View Full Version : Gell stresses need for execution moratorium


Kyla
03-10-2005, 03:51 AM
Gell stresses need for execution moratorium

By J. Eric Eckard, Rocky Mount Telegram

Wednesday, March 09, 2005

TARBORO — About two dozen people turned out Wednesday
night in Tarboro to hear about Alan Gell's call for a
two-year moratorium on the death penalty in North
Carolina.

Gell spent nine years in prison for a crime he didn't
commit, including more than four years on death row.
He was granted a new trial after an appeals lawyer
discovered that prosecutors withheld evidence of
Gell's innocence.

"I'm not here to make excuses for the state," said
Gell, who was acquitted of murder in 2004 for a 1995
homicide. "I know why the state didn't do the right
thing. They did it for the public — to keep the public
from knowing that system is not clean running like
they think it is.

"I agree with them — we do need to know that the
system works. But we don't need to hide the problems."

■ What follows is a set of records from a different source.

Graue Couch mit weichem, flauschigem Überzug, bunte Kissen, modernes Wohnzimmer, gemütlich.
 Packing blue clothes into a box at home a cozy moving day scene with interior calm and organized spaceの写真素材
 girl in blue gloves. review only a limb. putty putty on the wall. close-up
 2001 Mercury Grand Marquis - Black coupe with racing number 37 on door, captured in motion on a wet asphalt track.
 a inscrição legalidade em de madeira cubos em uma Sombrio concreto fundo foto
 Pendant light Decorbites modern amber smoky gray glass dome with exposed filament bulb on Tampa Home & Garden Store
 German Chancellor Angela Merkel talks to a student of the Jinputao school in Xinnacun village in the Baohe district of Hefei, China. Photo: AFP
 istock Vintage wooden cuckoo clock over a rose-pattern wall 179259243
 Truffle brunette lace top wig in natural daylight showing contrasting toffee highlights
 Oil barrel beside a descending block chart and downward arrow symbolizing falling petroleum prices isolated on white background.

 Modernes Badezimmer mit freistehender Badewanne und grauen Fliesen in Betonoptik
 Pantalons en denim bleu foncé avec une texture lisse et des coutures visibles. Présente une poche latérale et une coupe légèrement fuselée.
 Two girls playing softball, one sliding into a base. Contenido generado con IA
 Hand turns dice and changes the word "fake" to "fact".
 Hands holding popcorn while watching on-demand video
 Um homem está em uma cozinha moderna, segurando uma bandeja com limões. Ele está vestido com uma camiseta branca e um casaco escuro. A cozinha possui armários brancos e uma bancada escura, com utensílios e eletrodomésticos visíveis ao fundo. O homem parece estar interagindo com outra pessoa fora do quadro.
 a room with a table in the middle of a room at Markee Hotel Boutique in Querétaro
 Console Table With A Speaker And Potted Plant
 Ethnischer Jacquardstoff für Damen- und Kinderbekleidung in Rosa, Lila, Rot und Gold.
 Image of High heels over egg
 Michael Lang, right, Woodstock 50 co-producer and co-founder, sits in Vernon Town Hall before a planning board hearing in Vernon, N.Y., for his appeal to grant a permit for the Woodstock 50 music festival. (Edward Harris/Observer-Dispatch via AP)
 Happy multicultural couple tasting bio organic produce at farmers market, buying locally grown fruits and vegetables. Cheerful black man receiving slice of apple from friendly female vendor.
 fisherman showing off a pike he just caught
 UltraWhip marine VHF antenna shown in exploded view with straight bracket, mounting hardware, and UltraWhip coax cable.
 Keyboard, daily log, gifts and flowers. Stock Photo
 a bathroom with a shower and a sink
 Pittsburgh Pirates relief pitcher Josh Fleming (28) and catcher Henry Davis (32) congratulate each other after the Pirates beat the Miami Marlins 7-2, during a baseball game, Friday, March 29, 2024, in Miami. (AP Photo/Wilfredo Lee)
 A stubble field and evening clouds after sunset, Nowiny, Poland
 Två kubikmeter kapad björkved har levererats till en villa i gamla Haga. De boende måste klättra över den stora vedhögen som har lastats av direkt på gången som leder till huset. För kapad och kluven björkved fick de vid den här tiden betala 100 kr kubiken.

On Wednesday, several community |eaders joined Gell at
the Edgecombe County Administration Building to
support his demand that North Carolina halt executions
until studies can be done to determine that the system
works fairly and justly.

"We're here to draw attention to the death penalty and
to draw attention to what we can do as individuals,"
said Melvin Muhammad, of African-American Men
Enhancing Neighborhoods, one of the event sponsors.
"We can tell our local and state representatives that
a moratorium would be good for anybody and everybody.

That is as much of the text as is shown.